The evening before the event, I got a text from Scott Barnes, the leader of the Sandy Hook team. The weather, he said, didn’t look good. Fog was forecast along with intermittent rain. There was no point in starting in the wee hours; we would meet at 8 am. Off to a rocky start.
In foggy Asbury Park, NJ, the night before the event. The image on the building is Tillie, who has come to be a "patron saint" of Asbury Park. The original image adorned the wall of Palace Amusements, a local arcade; the wall was preserved when the building was demolished, and the city plans to make it a tourist attraction. Click on the photo to learn more.
Let the Counting Begin
The rental car sliced through the fog, finding a parking space in Lot B on Sandy Hook, which juts from the northern edge of the Jersey Shore, pointing toward Manhattan. A group of about 20 middle-aged people congregated, details lost in the haze. In the fashion department, there was lots of green and khaki, and serious hiking shoes were the order of the day. Binoculars, or “bins,” are as important to a birder as a rod and reel to a fisherman; you can’t get by without them. There was lot of high-priced optics in that parking lot – these folks were serious about birds.
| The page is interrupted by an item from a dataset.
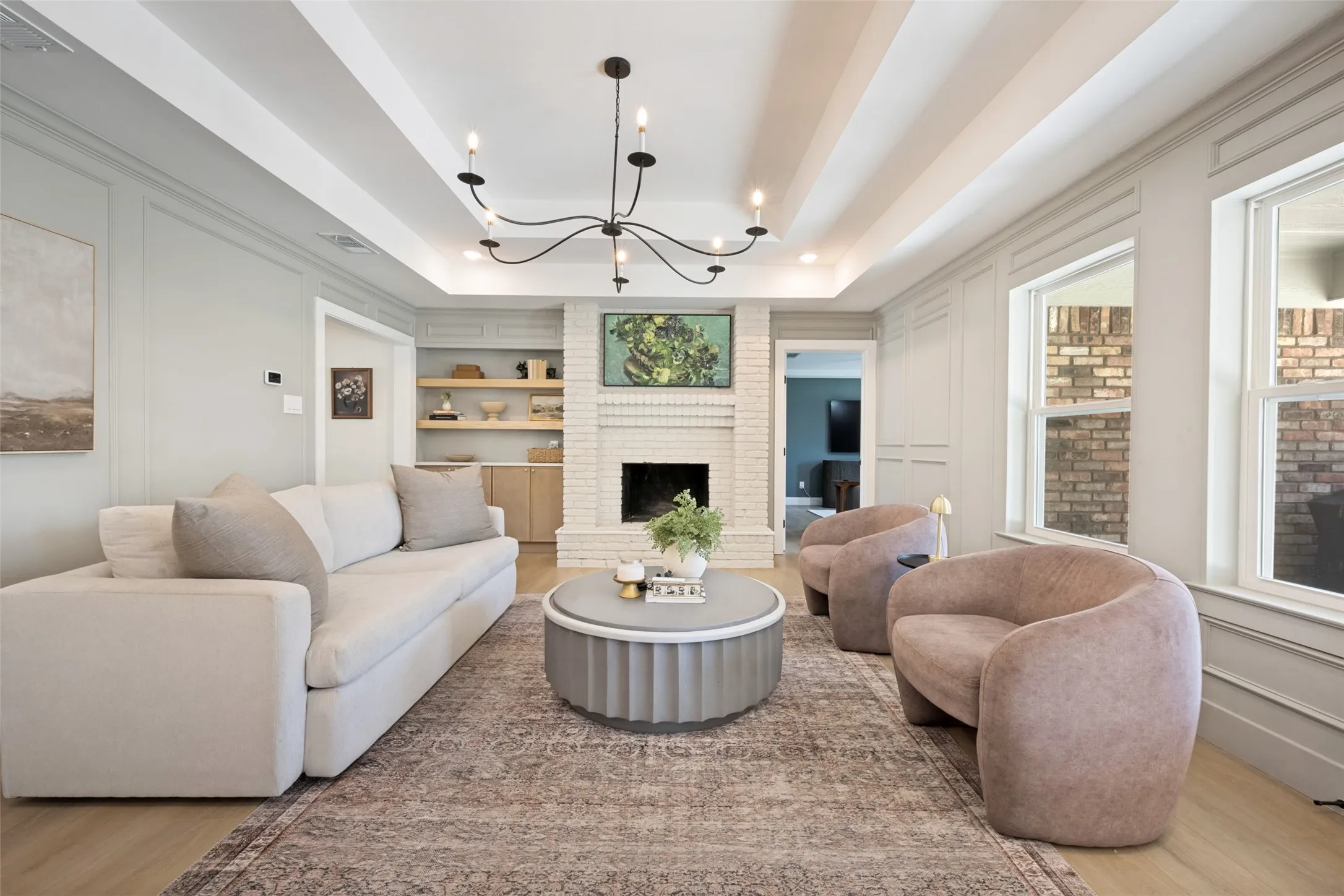 Single Family Residence For Sale in Tarrant County , 3700 Cliffwood Drive, Colleyville, Texas 76034, 3 Bedroom, 3 Bathroom, 2 Garage spaces, 2,267 Sqft, built in 1983, mls#21380627, Real Estate Agent in Colleyville, Homes For Sale in Tarrant county, Homes For Sale in Colleyville, Realtor in Colleyville Texas, Real Estate Brokerage Independent Realty Texas, Luminita Cordes Realtor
We walked toward the group, trying not to interrupt Scott, who was addressing them. “Whoa! Dena and John!” he exclaimed, and that was the end of whatever he was talking about. The next five minutes was hugs all around and lots of catching up. All three members of the latest configuration of Cheep Trills were there: Debbie Stewart, Rob Fanning, and his wife and fellow Birder with a capital B, Lisa.
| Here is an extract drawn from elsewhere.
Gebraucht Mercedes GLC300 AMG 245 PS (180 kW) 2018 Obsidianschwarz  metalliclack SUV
Scott was almost apologetic about the weather, but there was no choice but to play the hand we were dealt. Let the games begin!
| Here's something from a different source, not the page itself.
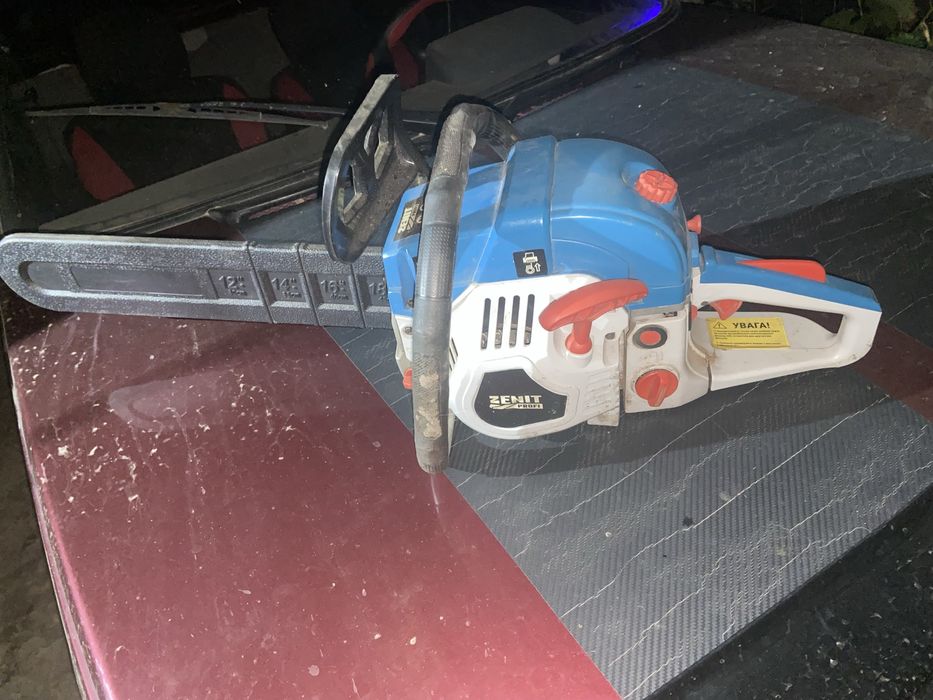 Бензопилла Zenit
USGS aerial map shows the area known as the "New York Bight." Areas of Gateway National Recreation Area are circled in yellow; Sandy Hook is the peninsula that juts out from the New Jersey coast at the bottom of the image. The "pitchfork" that juts from the Rarital Bay shoreline is the pier at Naval Weapons Station Earle. | USGS
Playing the Game
Actually, the game began while we were chatting in the parking lot. It’s not uncommon for birders to interrupt their stories with bird sightings: “Yes, we really like living on the Mississippi Gulf Co- Osprey over the water tower! – Gulf Coast.”
On a “serious” WSB day, there would be little chit-chat while birding; today, there was plenty. It is hard to keep all members of a group this large focused on one bird, so often, the group would break up into smaller pods – some birding, some chatting. It may not have been ideal birding situation, but doing something you love with people you love is its own reward.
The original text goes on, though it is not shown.